3.      Sistematis. Dalam perjalanannya mencoba mengetahui dan menjelaskan suatu objek, ilmu harus terurai dan terumuskan dalam hubungan yang teratur dan logis sehingga membentuk suatu sistem yang berarti secara utuh, menyeluruh, terpadu , mampu menjelaskan rangkaian sebab akibat menyangkut objeknya. Pengetahuan yang tersusun secara sistematis dalam rangkaian sebab akibat merupakan syarat ilmu yang ketiga.
Universal. Kebenaran yang hendak dicapai adalah kebenaran universal yang bersifat umum (tidak bersifat tertentu). Contoh: semua segitiga bersudut 180º. Karenanya universal merupakan syarat ilmu yang keempat. Belakangan ilmu-ilmu sosial menyadari kadar ke-umum-an (universal) yang dikandungnya berbeda dengan ilmu-ilmu alam mengingat objeknya adalah tindakan manusia.
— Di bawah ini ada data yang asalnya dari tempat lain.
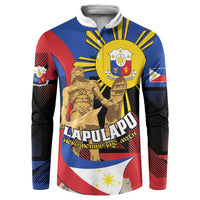 Personalized Philippines Lapulapu Button Sweatshirt Hero Behind The Myth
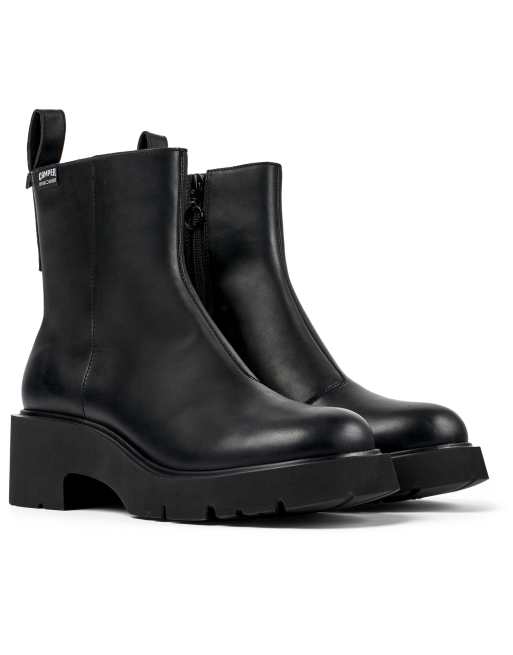 Camper – Milah – Stiefeletten in Schwarz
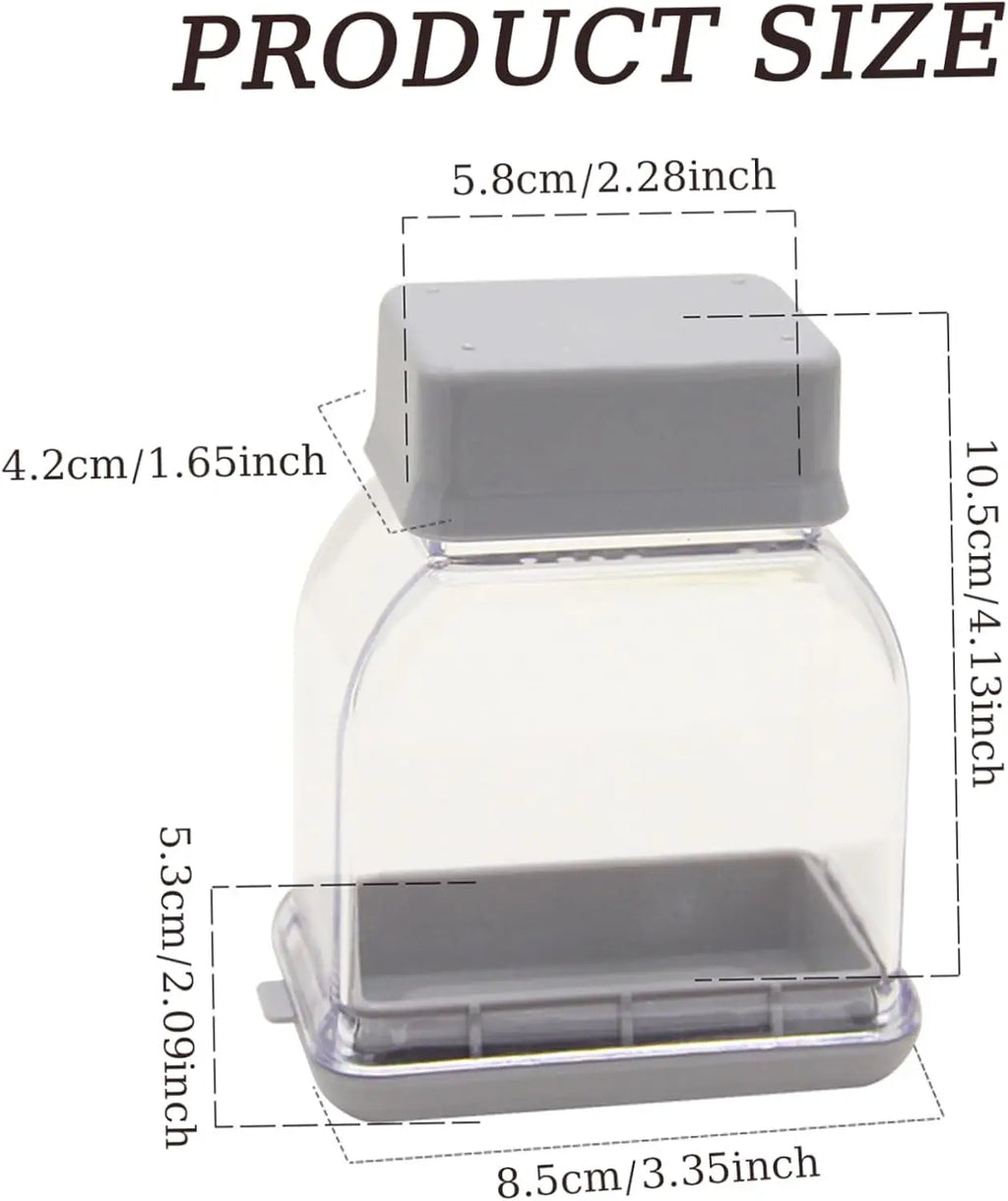 Kitchen Garlic Press | Quick-Cut Container Design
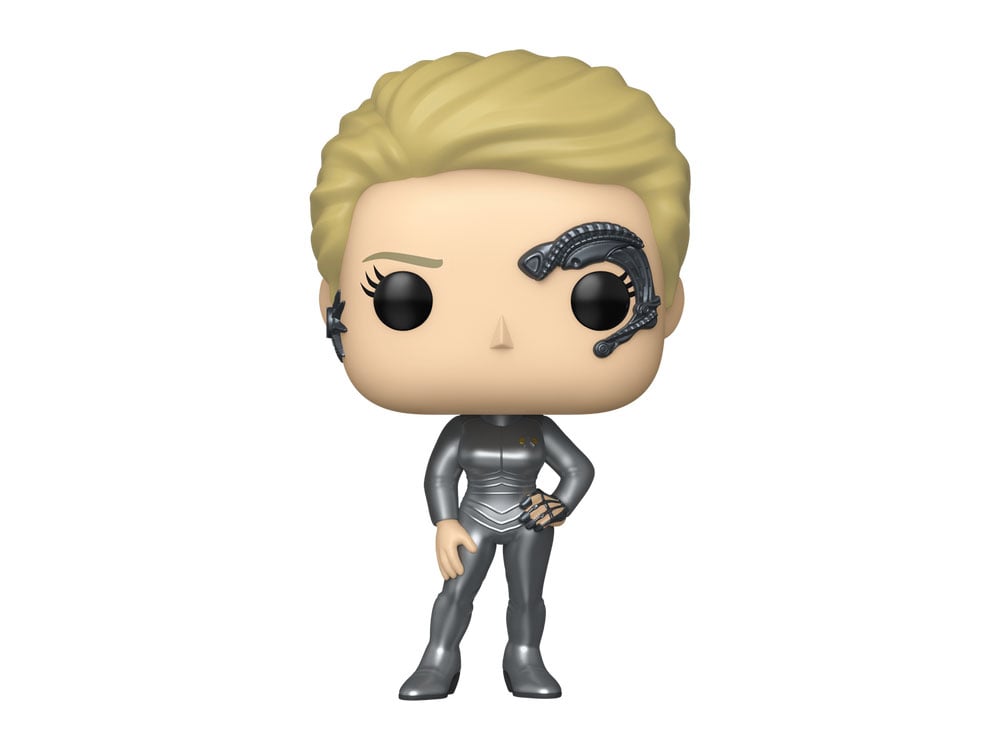 Star Trek: Voyager Pop! TV #1927 Seven of Nine (Metallic) Gallery Image 1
Karena itu untuk mencapai tingkat universalitas dalam ilmu-ilmu sosial, harus tersedia konteks dan tertentu pula.
Dari beberapa pengertian ilmu di atas dapat diperoleh gambaran bahwa pada prinsipnya ilmu merupakan suatu usaha untuk mengorganisasikan dan mensistematisasikan pengetahuan atau fakta yang berasal dari pengalaman dan pengamatan dalam kehidupan sehari-hari, dan dilanjutkan dengan pemikiran secara cermat dan teliti dengan menggunakan berbagai metode yang biasa dilakukan dalam penelitian ilmiah (observasi, eksperimen, survai, studi kasus dan lain-lain).

2.      Pengethuan
Sikun Pribadi (1972:1-2) merumuskan pengertian ilmu secara lebih rinci (ia menyebutnya ilmu pengetahuan), bahwa :
“Obyek ilmu pengetahuan ialah dunia fenomenal, dan metode pendekatannya berdasarkan pengalaman (experience) dengan menggunakan berbagai cara seperti observasi, eksperimen, survey, studi kasus, dan sebagainya. Pengalaman-pengalaman itu diolah oleh fikiran atas dasar hukum logika yang tertib. Data yang dikumpulkan diolah dengan cara analitis, induktif, kemudian ditentukan relasi antara data-data, diantaranya relasi kausalitas. Konsepsi-konsepsi dan relasi-relasi disusun menurut suatu sistem tertentu yang merupakan suatu keseluruhan yang terintegratif. Keseluruhan integratif itu kita sebut ilmu pengetahuan.”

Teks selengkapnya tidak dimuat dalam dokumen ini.